Os clones humanos certamente não seriam monstros, mas poderiam rejeitar o projeto normativo que comandou seu nascimento. Mas precisamos investigar mais a fundo, examinando as motivações por trás de tal projeto e as visões da raça e da sociedade humanas subjacentes a ele. Esse tipo de manipulação consideraria os clones como portadores de um genoma específico, escolhido por suas propriedades específicas. Não é difícil imaginar as consequências psicológicas e sociais desastrosas que poderiam advir desse tipo de eugenia.
A natureza fornece a cada indivíduo uma identidade genética única e singular. Abrir mão dessa riqueza natural pode, algum dia, nos levar a uma divisão genética artificial entre humanos dotados de genomas originais e humanos cujos genomas são clonados. Será que a humanidade já não sofre tipos de discriminação que cheguem?
Na melhor das hipóteses, a idéia da clonagem humana se baseia numa série de fantasias e concepções equivocadas; na pior delas, no desejo de utilizar a genética para finalidades decididamente questionáveis, quer sejam comerciais, ideológicas ou práticas. A proibição da clonagem humana reprodutiva, recomendada primeiramente na Declaração Universal do Genoma Humano e dos Direitos Humanos, ratificada pela Assembléia Geral da ONU em 1998, é, portanto, irrevogável.
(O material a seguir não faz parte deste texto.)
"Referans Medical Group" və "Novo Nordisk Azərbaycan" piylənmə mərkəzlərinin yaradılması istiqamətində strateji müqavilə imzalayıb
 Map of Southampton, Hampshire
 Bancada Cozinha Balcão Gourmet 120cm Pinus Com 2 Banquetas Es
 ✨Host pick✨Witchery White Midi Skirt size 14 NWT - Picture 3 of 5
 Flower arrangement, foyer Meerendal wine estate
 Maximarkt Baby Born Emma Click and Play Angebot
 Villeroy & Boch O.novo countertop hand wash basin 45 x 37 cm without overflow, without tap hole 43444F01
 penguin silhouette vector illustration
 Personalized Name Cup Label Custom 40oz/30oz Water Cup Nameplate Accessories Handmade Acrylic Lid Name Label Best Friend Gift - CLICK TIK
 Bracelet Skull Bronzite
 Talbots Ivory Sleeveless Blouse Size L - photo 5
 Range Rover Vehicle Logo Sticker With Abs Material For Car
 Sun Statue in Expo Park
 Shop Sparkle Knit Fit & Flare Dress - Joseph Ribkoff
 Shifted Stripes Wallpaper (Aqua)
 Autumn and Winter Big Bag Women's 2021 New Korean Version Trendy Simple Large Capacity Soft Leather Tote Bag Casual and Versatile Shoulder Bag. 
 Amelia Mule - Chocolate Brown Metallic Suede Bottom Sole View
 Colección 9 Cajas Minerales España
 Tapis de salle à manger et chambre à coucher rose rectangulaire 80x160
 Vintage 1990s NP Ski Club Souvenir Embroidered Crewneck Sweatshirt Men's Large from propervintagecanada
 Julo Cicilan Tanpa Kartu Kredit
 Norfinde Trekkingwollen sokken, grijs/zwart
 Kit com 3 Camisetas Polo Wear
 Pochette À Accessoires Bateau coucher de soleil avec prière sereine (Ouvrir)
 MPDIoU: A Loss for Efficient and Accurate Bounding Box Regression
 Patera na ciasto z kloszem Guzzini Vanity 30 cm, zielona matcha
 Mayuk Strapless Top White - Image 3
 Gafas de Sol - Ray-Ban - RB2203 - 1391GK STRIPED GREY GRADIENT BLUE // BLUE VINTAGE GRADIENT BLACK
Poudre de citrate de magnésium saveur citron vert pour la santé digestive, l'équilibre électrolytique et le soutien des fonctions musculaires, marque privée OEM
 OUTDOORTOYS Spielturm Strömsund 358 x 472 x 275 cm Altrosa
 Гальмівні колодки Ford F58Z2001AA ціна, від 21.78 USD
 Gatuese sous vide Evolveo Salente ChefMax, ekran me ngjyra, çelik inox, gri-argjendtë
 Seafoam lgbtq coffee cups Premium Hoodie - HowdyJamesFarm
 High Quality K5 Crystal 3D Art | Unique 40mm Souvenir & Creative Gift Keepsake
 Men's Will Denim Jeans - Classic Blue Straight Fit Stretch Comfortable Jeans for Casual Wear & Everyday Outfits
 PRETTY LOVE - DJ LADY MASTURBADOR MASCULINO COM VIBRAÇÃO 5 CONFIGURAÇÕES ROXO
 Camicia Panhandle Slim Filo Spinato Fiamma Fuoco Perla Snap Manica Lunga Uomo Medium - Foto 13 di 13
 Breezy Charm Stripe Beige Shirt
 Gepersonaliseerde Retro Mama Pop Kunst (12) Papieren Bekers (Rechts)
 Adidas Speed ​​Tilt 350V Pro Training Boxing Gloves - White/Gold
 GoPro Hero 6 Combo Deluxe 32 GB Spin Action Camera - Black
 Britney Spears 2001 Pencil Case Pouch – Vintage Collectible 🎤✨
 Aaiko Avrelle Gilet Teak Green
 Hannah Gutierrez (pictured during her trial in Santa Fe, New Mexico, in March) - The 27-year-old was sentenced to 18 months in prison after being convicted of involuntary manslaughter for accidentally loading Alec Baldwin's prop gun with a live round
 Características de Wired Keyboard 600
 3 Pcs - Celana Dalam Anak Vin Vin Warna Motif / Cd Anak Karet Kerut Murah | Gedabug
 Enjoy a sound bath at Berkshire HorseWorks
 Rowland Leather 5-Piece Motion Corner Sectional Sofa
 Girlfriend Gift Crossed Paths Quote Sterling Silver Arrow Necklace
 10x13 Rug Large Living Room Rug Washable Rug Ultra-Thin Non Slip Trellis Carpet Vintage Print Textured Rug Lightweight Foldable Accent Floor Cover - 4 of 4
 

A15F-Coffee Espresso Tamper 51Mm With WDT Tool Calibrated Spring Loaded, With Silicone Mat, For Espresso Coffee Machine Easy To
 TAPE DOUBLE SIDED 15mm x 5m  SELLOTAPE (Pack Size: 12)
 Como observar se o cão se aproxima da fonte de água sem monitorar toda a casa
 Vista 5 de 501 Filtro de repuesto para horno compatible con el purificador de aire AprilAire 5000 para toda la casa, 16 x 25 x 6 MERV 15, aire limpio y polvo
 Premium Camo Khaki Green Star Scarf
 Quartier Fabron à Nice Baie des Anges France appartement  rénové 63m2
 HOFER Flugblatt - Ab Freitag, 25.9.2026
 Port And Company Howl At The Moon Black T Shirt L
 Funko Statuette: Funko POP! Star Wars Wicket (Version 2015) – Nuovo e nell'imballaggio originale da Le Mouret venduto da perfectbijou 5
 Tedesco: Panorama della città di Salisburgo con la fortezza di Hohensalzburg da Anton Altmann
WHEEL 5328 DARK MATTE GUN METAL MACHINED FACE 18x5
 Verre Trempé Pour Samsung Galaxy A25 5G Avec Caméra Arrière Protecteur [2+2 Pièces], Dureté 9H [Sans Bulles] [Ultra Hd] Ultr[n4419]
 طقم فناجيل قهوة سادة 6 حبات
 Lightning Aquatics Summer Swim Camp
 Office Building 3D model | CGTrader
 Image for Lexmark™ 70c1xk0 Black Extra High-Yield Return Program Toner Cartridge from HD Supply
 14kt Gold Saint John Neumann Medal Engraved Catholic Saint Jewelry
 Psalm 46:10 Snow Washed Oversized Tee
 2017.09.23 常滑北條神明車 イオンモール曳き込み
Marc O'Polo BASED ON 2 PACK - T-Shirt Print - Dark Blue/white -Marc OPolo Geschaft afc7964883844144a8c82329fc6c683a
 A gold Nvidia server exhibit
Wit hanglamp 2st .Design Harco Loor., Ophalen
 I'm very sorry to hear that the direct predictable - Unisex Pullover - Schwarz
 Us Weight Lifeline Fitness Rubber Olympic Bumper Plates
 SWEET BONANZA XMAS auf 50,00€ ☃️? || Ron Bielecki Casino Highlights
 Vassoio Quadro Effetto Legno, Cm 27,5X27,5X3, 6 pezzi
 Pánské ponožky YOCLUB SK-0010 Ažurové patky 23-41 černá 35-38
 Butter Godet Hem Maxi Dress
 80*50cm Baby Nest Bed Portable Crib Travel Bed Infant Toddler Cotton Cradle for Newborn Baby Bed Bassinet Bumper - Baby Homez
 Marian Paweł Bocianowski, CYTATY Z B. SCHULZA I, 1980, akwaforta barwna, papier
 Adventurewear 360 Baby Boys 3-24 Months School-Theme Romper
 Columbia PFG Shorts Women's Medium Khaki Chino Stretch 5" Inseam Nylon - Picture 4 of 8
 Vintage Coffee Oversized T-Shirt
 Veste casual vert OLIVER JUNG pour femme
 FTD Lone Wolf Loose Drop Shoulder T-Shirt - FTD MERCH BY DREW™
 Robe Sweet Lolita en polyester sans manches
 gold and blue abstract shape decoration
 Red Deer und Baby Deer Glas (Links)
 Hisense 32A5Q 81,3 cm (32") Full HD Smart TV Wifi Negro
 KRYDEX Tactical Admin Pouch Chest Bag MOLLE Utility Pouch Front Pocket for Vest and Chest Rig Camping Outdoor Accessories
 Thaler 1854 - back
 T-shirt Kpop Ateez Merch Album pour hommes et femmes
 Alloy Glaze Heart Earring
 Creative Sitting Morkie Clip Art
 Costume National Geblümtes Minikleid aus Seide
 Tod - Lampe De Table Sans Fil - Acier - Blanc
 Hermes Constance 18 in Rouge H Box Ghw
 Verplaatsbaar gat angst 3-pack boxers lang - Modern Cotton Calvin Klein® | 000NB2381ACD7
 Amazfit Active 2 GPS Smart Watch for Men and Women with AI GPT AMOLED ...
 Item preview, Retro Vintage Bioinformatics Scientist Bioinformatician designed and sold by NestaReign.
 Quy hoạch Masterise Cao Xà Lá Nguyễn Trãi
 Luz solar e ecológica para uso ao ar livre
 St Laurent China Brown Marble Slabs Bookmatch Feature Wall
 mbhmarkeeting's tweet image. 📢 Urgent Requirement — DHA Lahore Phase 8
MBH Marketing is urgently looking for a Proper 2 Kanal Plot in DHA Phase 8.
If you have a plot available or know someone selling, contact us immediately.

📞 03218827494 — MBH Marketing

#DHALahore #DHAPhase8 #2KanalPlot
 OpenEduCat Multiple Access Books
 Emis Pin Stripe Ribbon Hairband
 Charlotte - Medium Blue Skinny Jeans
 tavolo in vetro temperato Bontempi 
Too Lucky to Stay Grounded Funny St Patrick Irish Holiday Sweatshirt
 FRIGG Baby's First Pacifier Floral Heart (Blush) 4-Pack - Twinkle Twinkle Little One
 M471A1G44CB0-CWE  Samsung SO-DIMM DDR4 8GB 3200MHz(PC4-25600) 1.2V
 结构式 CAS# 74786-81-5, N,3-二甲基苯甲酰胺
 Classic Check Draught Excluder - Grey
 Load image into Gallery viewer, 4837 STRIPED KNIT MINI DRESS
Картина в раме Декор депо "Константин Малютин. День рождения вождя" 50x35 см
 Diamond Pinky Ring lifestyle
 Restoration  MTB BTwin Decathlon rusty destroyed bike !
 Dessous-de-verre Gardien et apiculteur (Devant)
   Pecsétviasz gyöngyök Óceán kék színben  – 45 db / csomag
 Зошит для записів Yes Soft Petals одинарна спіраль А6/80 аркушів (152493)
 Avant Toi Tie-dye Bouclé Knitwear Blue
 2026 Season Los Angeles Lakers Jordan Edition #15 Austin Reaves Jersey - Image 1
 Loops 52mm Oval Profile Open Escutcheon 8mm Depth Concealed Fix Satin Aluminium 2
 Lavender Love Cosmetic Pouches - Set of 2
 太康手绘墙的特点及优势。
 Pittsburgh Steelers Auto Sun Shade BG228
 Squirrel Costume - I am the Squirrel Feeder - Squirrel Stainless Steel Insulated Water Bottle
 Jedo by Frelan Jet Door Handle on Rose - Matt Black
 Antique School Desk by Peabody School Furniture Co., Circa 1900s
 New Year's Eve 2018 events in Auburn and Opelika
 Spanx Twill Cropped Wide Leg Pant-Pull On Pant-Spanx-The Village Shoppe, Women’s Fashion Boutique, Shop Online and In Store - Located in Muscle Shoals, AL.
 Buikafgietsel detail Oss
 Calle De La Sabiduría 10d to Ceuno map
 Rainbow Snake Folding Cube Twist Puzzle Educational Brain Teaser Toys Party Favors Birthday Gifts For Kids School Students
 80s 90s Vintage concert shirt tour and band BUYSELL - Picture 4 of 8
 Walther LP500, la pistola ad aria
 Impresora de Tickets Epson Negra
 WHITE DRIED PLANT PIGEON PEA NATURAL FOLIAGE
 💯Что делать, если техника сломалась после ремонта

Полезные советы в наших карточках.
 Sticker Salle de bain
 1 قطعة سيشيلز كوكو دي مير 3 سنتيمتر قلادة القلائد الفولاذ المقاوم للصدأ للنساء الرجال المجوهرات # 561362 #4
A Unesco foi a primeira organização intergovernamental a propor um programa consistente para tratar da bioética, com a criação do Comitê Internacional de Bioética, dez anos atrás, seguida pela formação do Comitê Intergovernamental de Bioética. Atualmente estamos trabalhando numa declaração sobre dados genéticos, já que a utilização de tais dados, se não for corretamente administrada, pode dar lugar a instâncias assustadoras de negação dos direitos humanos. Também nos foi pedido que formulemos uma ferramenta de trabalho universal com a bioética. Esse pedido confirma que a Unesco pode ser o fórum apropriado para um acordo quanto a um conjunto de critérios éticos que possa servir de ponto de referência comum.
A ética da ciência e da tecnologia é uma das prioridades da Unesco, que está intensificando sua função de observadora e sua atividade de previsão. Um resultado disso foi a escolha do tema básico da sessão das Conversas do Século 21 no início deste mês, em Paris: a difícil e urgente pergunta "deve a clonagem humana ser proibida?".
O homem não é um mamífero qualquer. Os animais podem ser reproduzidos por meio da clonagem. Mas os humanos são moldados pela educação, a ciência e a cultura, não pela clonagem.
Koichiro Matsuura, 66, economista e diplomata japonês, é o diretor-geral da Unesco (Organização das Nações Unidas para a Educação, Ciência e Cultura).